All lines in the records below that hold "Cutter" are to be shown.

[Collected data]
═══
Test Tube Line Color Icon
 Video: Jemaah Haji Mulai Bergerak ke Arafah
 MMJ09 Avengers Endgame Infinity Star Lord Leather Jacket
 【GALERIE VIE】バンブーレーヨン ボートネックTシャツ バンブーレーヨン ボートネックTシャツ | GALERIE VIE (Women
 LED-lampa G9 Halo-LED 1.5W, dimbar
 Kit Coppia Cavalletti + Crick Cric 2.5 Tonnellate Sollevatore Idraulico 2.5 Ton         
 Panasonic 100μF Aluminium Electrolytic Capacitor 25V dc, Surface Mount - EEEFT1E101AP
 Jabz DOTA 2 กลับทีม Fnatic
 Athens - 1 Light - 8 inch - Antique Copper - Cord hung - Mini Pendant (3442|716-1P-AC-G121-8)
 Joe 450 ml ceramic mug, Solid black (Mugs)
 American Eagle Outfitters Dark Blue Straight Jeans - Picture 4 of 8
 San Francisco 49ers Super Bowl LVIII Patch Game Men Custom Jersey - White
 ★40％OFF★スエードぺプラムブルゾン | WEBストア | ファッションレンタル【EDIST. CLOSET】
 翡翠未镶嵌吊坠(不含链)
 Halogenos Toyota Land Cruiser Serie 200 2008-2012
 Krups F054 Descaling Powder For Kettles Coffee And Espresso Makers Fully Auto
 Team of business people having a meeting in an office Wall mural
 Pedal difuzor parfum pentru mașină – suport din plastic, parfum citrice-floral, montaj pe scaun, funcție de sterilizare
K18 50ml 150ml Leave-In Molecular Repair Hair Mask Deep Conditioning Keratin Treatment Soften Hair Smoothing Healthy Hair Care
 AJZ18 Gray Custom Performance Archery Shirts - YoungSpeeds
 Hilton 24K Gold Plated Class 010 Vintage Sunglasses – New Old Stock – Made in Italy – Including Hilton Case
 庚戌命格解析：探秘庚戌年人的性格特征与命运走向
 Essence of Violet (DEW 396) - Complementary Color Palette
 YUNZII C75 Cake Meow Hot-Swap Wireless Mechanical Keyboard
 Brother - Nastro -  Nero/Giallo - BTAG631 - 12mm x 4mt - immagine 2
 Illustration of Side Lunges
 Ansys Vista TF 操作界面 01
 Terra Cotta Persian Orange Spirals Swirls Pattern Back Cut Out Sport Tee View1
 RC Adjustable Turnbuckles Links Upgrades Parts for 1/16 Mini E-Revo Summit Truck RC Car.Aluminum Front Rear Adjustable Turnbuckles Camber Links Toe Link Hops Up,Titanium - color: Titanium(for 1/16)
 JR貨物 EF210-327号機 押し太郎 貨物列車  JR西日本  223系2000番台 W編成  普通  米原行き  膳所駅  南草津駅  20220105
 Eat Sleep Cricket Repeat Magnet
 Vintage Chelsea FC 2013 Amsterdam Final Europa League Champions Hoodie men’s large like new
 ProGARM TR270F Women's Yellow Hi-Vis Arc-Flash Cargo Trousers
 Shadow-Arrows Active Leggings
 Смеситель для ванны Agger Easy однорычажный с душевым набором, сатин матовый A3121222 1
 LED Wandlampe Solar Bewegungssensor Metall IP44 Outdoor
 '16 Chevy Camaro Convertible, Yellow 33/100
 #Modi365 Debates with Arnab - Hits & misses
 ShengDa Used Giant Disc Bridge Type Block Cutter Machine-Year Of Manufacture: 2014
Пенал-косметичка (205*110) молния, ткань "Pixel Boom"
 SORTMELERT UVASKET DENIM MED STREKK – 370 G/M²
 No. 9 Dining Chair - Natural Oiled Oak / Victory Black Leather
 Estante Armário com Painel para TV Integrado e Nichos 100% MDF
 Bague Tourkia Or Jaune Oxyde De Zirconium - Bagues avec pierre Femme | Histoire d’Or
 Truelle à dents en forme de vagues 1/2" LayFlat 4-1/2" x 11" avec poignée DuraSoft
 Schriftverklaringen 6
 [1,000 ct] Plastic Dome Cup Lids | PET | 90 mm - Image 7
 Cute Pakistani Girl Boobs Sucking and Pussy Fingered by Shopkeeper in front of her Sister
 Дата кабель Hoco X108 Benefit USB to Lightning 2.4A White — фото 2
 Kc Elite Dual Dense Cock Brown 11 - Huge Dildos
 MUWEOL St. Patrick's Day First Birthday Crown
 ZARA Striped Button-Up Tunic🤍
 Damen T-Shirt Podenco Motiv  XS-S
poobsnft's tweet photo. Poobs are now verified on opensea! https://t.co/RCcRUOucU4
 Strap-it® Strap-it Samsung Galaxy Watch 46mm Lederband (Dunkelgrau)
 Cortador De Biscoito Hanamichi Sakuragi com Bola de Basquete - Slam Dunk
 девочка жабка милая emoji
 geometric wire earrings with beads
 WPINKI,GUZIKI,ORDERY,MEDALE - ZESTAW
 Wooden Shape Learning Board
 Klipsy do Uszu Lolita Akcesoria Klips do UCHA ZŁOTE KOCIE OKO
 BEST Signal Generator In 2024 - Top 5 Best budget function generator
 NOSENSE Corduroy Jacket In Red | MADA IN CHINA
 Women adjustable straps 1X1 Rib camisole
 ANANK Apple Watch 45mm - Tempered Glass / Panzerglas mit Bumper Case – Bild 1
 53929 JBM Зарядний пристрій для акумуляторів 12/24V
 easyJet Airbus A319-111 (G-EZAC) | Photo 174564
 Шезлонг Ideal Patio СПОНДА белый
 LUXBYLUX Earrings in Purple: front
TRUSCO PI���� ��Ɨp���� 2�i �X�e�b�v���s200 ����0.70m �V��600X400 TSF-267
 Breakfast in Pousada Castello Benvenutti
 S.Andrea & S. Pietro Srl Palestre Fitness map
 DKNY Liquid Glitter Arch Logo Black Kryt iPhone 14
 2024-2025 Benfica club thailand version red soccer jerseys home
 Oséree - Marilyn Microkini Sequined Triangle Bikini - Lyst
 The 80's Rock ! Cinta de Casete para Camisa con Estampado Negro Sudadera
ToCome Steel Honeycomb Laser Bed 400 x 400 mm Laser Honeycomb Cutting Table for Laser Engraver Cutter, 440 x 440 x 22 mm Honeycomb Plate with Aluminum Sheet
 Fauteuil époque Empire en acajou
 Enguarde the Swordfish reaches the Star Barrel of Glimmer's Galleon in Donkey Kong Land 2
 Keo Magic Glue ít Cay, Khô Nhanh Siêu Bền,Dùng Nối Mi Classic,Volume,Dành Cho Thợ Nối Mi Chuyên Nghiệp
═══
Answer to the exercise:
 ShengDa Used Giant Disc Bridge Type Block Cutter Machine-Year Of Manufacture: 2014
ToCome Steel Honeycomb Laser Bed 400 x 400 mm Laser Honeycomb Cutting Table for Laser Engraver Cutter, 440 x 440 x 22 mm Honeycomb Plate with Aluminum Sheet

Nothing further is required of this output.